- **Work task**: From the first line of the records through the line containing "Braemar Youth Hostel Экстерьер фото", retype every line exactly and nothing else.

....................

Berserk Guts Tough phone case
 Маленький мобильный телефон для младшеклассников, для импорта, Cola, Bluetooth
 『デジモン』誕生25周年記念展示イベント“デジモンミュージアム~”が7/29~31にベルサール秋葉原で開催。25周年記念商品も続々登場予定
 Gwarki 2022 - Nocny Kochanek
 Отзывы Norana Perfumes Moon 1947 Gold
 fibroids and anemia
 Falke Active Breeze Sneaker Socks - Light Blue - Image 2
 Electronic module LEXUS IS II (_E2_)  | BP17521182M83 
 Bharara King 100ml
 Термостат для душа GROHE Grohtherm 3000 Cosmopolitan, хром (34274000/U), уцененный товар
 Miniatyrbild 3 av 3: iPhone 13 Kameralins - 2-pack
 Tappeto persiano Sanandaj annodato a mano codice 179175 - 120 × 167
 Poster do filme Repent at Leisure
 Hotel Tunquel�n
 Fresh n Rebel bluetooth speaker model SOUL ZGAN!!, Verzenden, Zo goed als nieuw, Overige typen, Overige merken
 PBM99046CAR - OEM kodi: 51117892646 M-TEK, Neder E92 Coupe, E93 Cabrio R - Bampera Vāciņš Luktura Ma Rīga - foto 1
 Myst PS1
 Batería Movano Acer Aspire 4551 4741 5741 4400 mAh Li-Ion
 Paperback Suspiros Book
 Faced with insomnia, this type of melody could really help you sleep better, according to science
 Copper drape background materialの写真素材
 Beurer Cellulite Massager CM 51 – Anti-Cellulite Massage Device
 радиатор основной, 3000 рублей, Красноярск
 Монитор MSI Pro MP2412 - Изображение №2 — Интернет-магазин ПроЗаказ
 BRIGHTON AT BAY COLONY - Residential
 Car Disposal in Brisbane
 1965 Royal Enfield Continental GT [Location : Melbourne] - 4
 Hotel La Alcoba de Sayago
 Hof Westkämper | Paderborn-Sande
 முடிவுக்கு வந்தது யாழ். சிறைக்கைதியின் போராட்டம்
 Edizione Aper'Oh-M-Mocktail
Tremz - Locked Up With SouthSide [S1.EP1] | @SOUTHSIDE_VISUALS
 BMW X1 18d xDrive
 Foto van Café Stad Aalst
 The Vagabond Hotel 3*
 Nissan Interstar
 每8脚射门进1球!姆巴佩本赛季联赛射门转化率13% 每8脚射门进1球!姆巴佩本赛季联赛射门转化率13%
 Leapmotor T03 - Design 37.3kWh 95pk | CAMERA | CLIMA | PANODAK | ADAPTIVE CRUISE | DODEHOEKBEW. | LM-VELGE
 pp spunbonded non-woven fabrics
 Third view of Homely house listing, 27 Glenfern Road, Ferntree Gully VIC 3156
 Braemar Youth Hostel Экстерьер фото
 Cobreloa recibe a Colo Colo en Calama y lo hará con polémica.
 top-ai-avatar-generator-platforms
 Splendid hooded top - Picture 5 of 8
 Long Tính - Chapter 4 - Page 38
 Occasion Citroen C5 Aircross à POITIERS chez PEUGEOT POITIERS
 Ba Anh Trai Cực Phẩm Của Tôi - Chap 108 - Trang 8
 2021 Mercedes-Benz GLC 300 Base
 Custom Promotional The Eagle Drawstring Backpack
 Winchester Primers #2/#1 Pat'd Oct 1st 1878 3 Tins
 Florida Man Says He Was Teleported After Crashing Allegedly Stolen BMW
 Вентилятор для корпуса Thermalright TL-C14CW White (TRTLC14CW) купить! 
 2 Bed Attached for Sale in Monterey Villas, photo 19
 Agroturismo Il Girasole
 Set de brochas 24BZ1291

....................

- **Result**:
Berserk Guts Tough phone case
 Маленький мобильный телефон для младшеклассников, для импорта, Cola, Bluetooth
 『デジモン』誕生25周年記念展示イベント“デジモンミュージアム~”が7/29~31にベルサール秋葉原で開催。25周年記念商品も続々登場予定
 Gwarki 2022 - Nocny Kochanek
 Отзывы Norana Perfumes Moon 1947 Gold
 fibroids and anemia
 Falke Active Breeze Sneaker Socks - Light Blue - Image 2
 Electronic module LEXUS IS II (_E2_)  | BP17521182M83 
 Bharara King 100ml
 Термостат для душа GROHE Grohtherm 3000 Cosmopolitan, хром (34274000/U), уцененный товар
 Miniatyrbild 3 av 3: iPhone 13 Kameralins - 2-pack
 Tappeto persiano Sanandaj annodato a mano codice 179175 - 120 × 167
 Poster do filme Repent at Leisure
 Hotel Tunquel�n
 Fresh n Rebel bluetooth speaker model SOUL ZGAN!!, Verzenden, Zo goed als nieuw, Overige typen, Overige merken
 PBM99046CAR - OEM kodi: 51117892646 M-TEK, Neder E92 Coupe, E93 Cabrio R - Bampera Vāciņš Luktura Ma Rīga - foto 1
 Myst PS1
 Batería Movano Acer Aspire 4551 4741 5741 4400 mAh Li-Ion
 Paperback Suspiros Book
 Faced with insomnia, this type of melody could really help you sleep better, according to science
 Copper drape background materialの写真素材
 Beurer Cellulite Massager CM 51 – Anti-Cellulite Massage Device
 радиатор основной, 3000 рублей, Красноярск
 Монитор MSI Pro MP2412 - Изображение №2 — Интернет-магазин ПроЗаказ
 BRIGHTON AT BAY COLONY - Residential
 Car Disposal in Brisbane
 1965 Royal Enfield Continental GT [Location : Melbourne] - 4
 Hotel La Alcoba de Sayago
 Hof Westkämper | Paderborn-Sande
 முடிவுக்கு வந்தது யாழ். சிறைக்கைதியின் போராட்டம்
 Edizione Aper'Oh-M-Mocktail
Tremz - Locked Up With SouthSide [S1.EP1] | @SOUTHSIDE_VISUALS
 BMW X1 18d xDrive
 Foto van Café Stad Aalst
 The Vagabond Hotel 3*
 Nissan Interstar
 每8脚射门进1球!姆巴佩本赛季联赛射门转化率13% 每8脚射门进1球!姆巴佩本赛季联赛射门转化率13%
 Leapmotor T03 - Design 37.3kWh 95pk | CAMERA | CLIMA | PANODAK | ADAPTIVE CRUISE | DODEHOEKBEW. | LM-VELGE
 pp spunbonded non-woven fabrics
 Third view of Homely house listing, 27 Glenfern Road, Ferntree Gully VIC 3156
 Braemar Youth Hostel Экстерьер фото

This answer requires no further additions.